Monday, September 28, 2009

Distributed Cloud

As promised we have another white paper on the topic of Distributed Clouds.

Clouds have become a fascinating topic. Of course, as with most very popular subjects, there is no clear definition what they really are and the concept is very broad. On the other hand, some things are starting to solidify.

Our take on clouds is a bit different. We focus on Distributed Clouds, more specifically clouds across very wide area networks such as the Internet and clouds which are comprised of many independent users in contrast to the prevalent view where there are many machines which are hosted and operated by a single entity.

The emergence of computing clouds has put a renewed emphasis on the issue of scale in computing. The enormous size of the Web, together with ever-more demanding requirements such as freshness (results in seconds, not weeks) means that massive resources are required to handle enormous datasets in a timely fashion. Datacenters are now considered to be the new units of computer power, e.g. Google's Warehouse-Scale Computer. The number of organizations able to deploy such resources is ever shrinking. Wowd aims to demonstrate that there is an even bigger scale of computing than that yet imagined -- specifically -- planetary-sized distributed clouds. Such clouds can be deployed by motivated collections of users, instead of a handful of gigantic organizations.

The definition of cloud is still not firmly established, so let us start with ours. We consider a cloud to be a collection of computing resources, where it is possible to allocate and provision additional resources in an incremental and seamless way, with no disruption to the deployed applications.

In this key respect, a cloud is not simply a group of servers co-located at some data center since with such a collection it is not simple, nor very clear, how to deploy additional machines for many tasks. Consider, for example, the task of a server supporting a Relational Database Management System. A large increase in the number of records in the database cannot be simply handled only by adding additional machines since the underlying database needs to be partitioned such that all underlying operations and queries perform in a satisfactory fashion across all of the machines. The solution in this situation requires significant re-engineering of the database application.

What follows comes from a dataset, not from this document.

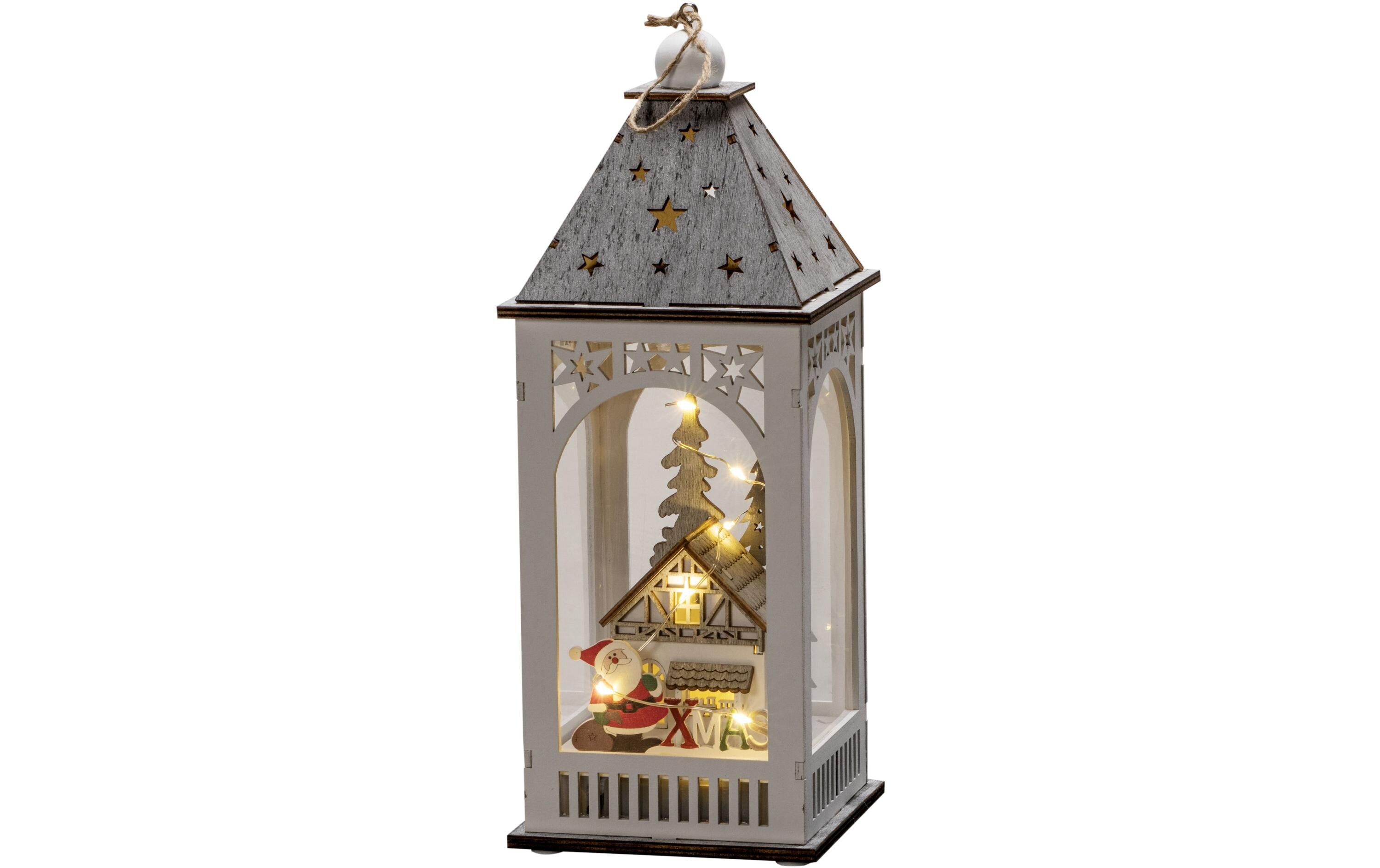Konstsmide LED Holzlaterne Haus, 11 x 11 x 29 cm, Weiss Konstsmide LED Holzlaterne Haus, 11 x 11 x 29 cm, Weiss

Clouds are considered to be collections of machines where it is possible to dynamically scale and provision additional resources for underlying application(s) with no change nor disruption to the operation. Some, such as Google, consider datacenters which are basis for clouds, to be a new form of "warehouse-scale computer" (source: "The Datacenter as a Computer", Google Inc. 2009) Clearly, the number of organizations capable of deploying such resources is small, and getting smaller, due to prohibitive cost.

Consider, as an example, P2P networks. For the longest time, indeed, since the very inception of P2P, these networks have been asssociated with a rather narrow scope of activities – principally, sharing of media content. The scale of computing occurring in such networks every moment is truly staggering. However, there is a common (mis-)perception that such massive distributed systems are good only for a very limited set of activities, specifically, the sharing of (often illicit) content. Our goal is to demonstrate that distributed networks can be a basis for tremendously powerful distributed clouds, quite literally of planetary-scale. At that scale, the power provided by such a cloud actually dwarfs the power of even the biggest proprietary clouds.

I am posting the preceding part of our white paper as a preview, if you like it, you can read the rest at Wowd Distributed Cloud .


Thomas Costick said...

The Wowd definition of "the cloud" is, of course, very much in line with what Wowd has set out to do. What we used to call "distributed computing" is not new, as anyone familiar with the SETI project will know. Calling it "cloud" gives it a new, attractive buzz.

As for Google's cloud and others like it, it doesn't matter where and what the processing resource is. Right now, the Google cloud lives in data centres around the globe. The model can evolve while the API remains [largely] unchanged. Who, knows, it could already be moving out there onto a peer-level network a la Wowd.

Borislav Agapiev said...

SETI is indeed a great example of distributed computing, also known as grid computing.

OTOH there are some key differences between clouds and grid computing, the principal IMHO being the issue of latency. In grid computing there is no, or very little, communication among chunks of computation sent off to the grid. As a result, it does nort really matter how long it takes to complete them as long the results are assembled properly.

In clouds latency does matter a lot, it is actually the key. For instance if you are doing search on a distributed cloud, the latency bounds are very strict, to guarantee 1 sec overall response.

As for Google cloud, the unit of computation is a single datacenter. There is no migration between datacenters, you get assigned one and you have to stick with it.

I consider as the next step a cloud where operations, in particular IO operations, can move between machines with no geographical constraints, and are not confined to a single datacenter.